Last chance for school reform: D.C. schools are the worst in the nation, but they may also be ripe for big changes.

AuthorMangu-Ward, Katherine

AMERICAN PUBLIC SCHOOL teachers don't get fired. They just don't. In New York City, hundreds of teachers spend all day in "rubber rooms" because they're deemed too dangerous or stupid to supervise children but can't be booted because they have union-protected tenure. In crisis-ridden California, the mildest of threats from Gov.Arnold Schwarzenegger to cut back on teaching staffs led to an immediate rebuke from the White House.

So when 266 teachers were unceremoniously canned in Washington, D.C., in the fall of 20% the educators of America collectively slid their glasses down their noses and glared at the District of Columbia. Although 266 firings might not seem like a lot in a country that has lost 8.4 million jobs since December 2007, they could turn out to be more important to the nation's long-term health than the $150 billion "jobs bill" legislators were debating on Capitol Hill.

D.C. is a divided town. In the heart of the capital, the federal government hums along, churning out paperwork and disillusioned interns at a steady clip. But the rest of the city is in pretty miserable shape. The District of Columbia Public Schools rank below all 50 states in national math and reading tests, squatting at the bottom of the list for years at a time. More than 40 percent of D.C. students drop out altogether. Only 9 percent of the District's high schoolers will finish college within five years of graduation. And all this failure doesn't come cheap: The city spends $14,699 per pupil, more than all but two states and about $5,000 more than the national average. Yet as unlikely as it seems, D.C. may prove to be the last best hope for school reform in the United States.

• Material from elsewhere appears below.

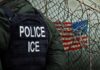 A police officer in a tactical vest stands near a barbed wire fence with an American flag in the background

The District's school system is sitting at the center of a remarkable convergence. A driven, reform-minded chancellor, endowed with extraordinary powers by the city council and mayor, arrived on the scene in 2007 just as the teachers union's contract was about to be renegotiated. Charter schools are blossoming, with nearly a third of the city's public school students now enrolled in nontraditional institutions. And a new presidential administration, which has been retrograde in other policy areas ripe for reform, has flirted with some of the more advanced ideas on the education front. Add an education secretary who has respectable reform credentials and a president who has two school-age children, and it's hard to imagine a sweeter set-up.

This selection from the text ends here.